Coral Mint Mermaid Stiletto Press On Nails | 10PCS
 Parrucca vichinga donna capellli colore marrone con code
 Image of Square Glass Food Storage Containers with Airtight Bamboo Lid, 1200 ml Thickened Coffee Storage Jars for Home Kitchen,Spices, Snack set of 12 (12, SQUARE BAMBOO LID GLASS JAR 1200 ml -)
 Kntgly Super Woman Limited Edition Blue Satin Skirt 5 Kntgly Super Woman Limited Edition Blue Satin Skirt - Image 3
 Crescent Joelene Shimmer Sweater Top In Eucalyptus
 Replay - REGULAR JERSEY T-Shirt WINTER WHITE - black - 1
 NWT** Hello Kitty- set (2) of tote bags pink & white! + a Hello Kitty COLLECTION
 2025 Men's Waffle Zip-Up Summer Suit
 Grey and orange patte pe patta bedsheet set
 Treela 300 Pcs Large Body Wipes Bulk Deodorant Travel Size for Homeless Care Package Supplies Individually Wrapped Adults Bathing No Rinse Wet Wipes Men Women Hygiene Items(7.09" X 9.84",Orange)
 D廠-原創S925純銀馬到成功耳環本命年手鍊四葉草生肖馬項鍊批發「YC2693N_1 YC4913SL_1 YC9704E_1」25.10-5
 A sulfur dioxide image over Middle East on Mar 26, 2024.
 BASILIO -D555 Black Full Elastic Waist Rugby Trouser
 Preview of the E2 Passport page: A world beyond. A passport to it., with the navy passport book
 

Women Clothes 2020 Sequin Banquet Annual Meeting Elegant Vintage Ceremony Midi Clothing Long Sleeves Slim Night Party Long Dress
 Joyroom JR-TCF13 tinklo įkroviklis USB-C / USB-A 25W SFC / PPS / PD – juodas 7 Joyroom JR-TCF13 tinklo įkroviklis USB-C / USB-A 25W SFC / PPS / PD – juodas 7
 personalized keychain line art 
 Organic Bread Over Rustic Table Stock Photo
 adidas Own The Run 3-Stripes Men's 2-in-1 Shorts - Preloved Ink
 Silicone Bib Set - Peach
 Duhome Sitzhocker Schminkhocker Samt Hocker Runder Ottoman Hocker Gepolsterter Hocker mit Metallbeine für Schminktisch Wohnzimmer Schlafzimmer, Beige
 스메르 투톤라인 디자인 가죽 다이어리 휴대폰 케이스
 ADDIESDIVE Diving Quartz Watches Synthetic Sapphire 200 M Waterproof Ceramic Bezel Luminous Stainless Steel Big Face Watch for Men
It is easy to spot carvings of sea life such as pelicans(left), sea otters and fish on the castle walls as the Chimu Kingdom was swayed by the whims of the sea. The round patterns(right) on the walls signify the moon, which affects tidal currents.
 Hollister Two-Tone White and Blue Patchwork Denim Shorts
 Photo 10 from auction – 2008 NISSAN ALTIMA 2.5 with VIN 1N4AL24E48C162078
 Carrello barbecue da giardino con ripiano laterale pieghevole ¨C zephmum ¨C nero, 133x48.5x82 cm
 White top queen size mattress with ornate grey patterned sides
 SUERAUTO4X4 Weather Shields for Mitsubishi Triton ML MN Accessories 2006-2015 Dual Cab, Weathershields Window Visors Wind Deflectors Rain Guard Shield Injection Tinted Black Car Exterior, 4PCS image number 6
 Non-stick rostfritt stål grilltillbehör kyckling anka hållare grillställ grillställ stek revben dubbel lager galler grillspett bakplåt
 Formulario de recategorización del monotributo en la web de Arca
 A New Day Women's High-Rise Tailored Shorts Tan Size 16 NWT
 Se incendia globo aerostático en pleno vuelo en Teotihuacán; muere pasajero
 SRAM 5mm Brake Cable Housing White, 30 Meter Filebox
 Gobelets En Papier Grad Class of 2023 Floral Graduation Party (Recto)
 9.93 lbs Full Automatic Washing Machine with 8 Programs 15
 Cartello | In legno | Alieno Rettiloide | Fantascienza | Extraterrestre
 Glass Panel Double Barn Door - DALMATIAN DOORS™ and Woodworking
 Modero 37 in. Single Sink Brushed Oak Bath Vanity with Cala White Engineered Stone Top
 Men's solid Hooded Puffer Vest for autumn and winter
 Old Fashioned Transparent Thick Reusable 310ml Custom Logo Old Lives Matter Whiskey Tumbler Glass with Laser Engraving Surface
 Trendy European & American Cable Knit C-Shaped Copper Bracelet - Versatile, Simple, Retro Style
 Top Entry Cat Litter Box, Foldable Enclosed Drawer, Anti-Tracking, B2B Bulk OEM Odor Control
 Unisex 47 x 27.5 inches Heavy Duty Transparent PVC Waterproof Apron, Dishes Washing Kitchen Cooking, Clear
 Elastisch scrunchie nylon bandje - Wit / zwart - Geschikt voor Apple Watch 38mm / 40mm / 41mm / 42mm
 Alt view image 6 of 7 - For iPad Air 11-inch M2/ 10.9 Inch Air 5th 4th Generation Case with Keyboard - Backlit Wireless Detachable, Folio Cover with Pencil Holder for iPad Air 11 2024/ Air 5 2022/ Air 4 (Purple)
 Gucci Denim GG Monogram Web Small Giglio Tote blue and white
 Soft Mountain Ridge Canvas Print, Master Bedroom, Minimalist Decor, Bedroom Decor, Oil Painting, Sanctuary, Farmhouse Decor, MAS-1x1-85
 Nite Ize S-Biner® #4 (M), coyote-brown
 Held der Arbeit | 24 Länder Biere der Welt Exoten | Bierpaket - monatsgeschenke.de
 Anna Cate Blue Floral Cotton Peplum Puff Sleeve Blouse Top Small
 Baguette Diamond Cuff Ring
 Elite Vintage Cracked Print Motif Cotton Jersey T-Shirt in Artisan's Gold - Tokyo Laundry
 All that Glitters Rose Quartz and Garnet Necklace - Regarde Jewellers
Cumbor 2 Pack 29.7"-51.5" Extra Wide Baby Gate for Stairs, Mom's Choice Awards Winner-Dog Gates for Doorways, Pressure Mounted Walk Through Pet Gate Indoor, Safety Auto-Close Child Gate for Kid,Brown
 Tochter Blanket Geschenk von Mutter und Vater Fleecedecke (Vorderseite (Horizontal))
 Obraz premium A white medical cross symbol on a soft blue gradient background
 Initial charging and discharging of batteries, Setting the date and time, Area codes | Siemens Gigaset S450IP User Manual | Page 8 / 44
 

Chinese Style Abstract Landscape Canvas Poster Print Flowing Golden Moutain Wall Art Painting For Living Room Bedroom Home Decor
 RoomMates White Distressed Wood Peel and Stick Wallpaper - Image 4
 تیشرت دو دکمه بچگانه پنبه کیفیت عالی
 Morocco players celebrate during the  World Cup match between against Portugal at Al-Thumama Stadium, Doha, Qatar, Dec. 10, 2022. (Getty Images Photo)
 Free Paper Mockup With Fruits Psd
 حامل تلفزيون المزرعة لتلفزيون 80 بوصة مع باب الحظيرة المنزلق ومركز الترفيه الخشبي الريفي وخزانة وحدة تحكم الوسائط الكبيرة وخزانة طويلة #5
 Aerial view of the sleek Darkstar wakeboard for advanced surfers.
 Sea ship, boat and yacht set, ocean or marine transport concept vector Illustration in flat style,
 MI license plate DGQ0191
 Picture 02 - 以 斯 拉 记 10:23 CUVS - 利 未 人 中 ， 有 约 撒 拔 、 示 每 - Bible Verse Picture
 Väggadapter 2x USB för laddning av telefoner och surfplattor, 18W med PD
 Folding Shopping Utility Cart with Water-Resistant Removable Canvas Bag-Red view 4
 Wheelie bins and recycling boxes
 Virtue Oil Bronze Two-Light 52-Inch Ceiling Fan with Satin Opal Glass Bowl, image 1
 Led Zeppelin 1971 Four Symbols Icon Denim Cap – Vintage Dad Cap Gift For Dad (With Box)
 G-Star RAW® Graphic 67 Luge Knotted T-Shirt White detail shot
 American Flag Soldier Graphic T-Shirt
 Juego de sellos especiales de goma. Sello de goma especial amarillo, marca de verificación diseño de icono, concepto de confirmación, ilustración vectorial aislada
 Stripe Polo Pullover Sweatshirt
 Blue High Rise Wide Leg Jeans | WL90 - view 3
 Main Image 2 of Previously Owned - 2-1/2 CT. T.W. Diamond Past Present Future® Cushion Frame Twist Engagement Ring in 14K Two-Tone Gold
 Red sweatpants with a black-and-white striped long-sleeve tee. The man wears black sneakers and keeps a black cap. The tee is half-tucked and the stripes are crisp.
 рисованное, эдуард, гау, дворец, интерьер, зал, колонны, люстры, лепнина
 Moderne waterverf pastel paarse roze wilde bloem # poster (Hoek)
----
What this task involves
Please copy out every line in the listing that has the string "Print".

Task answer
 Soft Mountain Ridge Canvas Print, Master Bedroom, Minimalist Decor, Bedroom Decor, Oil Painting, Sanctuary, Farmhouse Decor, MAS-1x1-85
 Elite Vintage Cracked Print Motif Cotton Jersey T-Shirt in Artisan's Gold - Tokyo Laundry
Chinese Style Abstract Landscape Canvas Poster Print Flowing Golden Moutain Wall Art Painting For Living Room Bedroom Home Decor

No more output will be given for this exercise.